Well, this is fairly simple when you have a monitor mode. So, from the secure boot (maybe a secure OS task/thread),

  1. Load the normal world OS to memory.
  2. Setup monitor mode stack and other contexts; monitor mode will need a memory buffer to store world contexts.
  3. Switch to monitor mode.
  4. Setup memory partitioning (intially allow everything for the normal world).
  5. Change the NS bit to set normal world CP15.
  6. Configure CP15 registers as per boot default. Many OSs will expect that they are booting as per normal. Most trustzone CPUs do not setup the normal world CP15 registers by default.
  7. Mask interrupts, turn off cache, etc as required to boot normal OS.
  8. With NS bit still set, do a world switch.

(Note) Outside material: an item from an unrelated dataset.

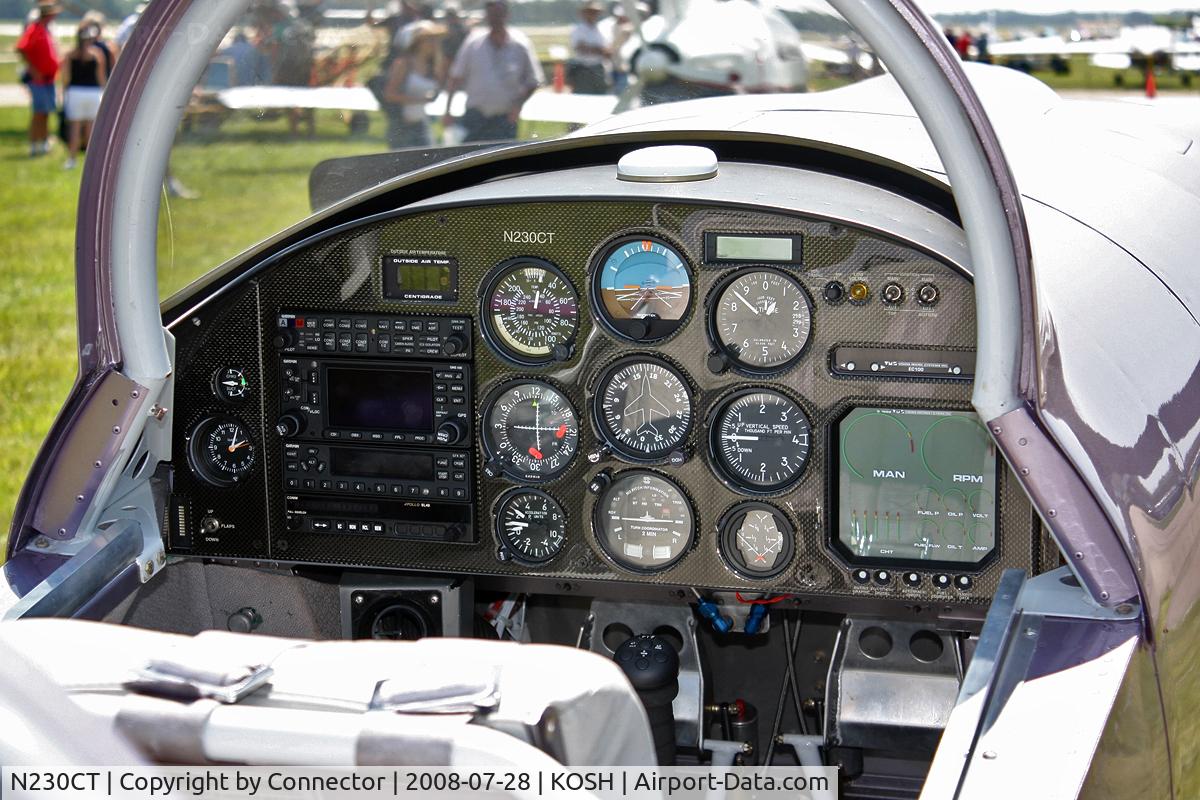 N230CT, 2004 Vans RV-8 C/N 81628, EAA Airventure 2008.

The world switch is dependent on your system design. If the secure world OS only used registers R0-R12 the instructions might be like,

    # NS bit is set.
msr spsr_fsxc, lr # mon_lr contains normal world mode, etc.
ldm sp, {r0 - r12, pc}^ # monitor 'sp' is a context pointer.

The ldm rX, {xxx, pc}^ will do a mode switch. The monitor 'sp' could have 13 zeros (for r0-r12) and then a normal world entry point for the 'PC'. The monitor 'lr' would have the starting mode (interrupt masked, etc) for the normal world.

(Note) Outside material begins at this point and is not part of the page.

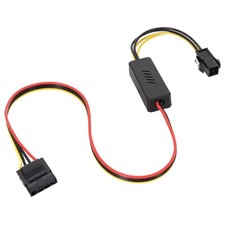 PC Motherboards 4Pin CPU to Standard 4Pin Power Adapter Extension Cable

NOTE: This is a simple example and it not meant for your particular OS. It is only conceptual. Specifics depend on specific normal/secure world OS requirements. Typically, you need to do all the things a boot loader would do for that platform/OS without TrustZone. As well, you need to initialize all registers in all modes. You may not care about registers the secure world doesn't use (NEON/VFP) and leave them as per boot defaults; this is more true for actual 'world switch' code.

...concerning the monitor mode code, where should I write it? Is it a kernel module in the secure world?

Monitor mode will always USE the CP15 registers of the secure world. This implies monitor mode has the MMU view, cache, etc of the secure OS. When the 'NS' bit is set and monitor mode does a mcr or mrc, it is setting the normal world registers. Well, technically it could be 'separate' there will probably be a lot of interaction between the secure OS and the monitor. Again, it depends on specifics. There are many types of OSs (or world contexts),

  1. Polling mode
  2. Non-preemptive
  3. Pre-emptive

You have permutations of the above for both the secure and normal world and the world switch handling will depend on the requirement of both. For the most complex case (Pre-emptive secure/normal), you need integration of schedulers which is OS dependent.

How does Linaro schedule OPTEE?

I'm one of the Linaro developers working directly with OP-TEE and OP-TEE as such has no scheduler, instead it's being entirely scheduled by Linux kernel. It's not tied to a single core either, after being in Linux kernel and you're about to re-enter secure world it could be any of the cores where you continue running your ongoing job. So in short, there is no scheduler in OP-TEE.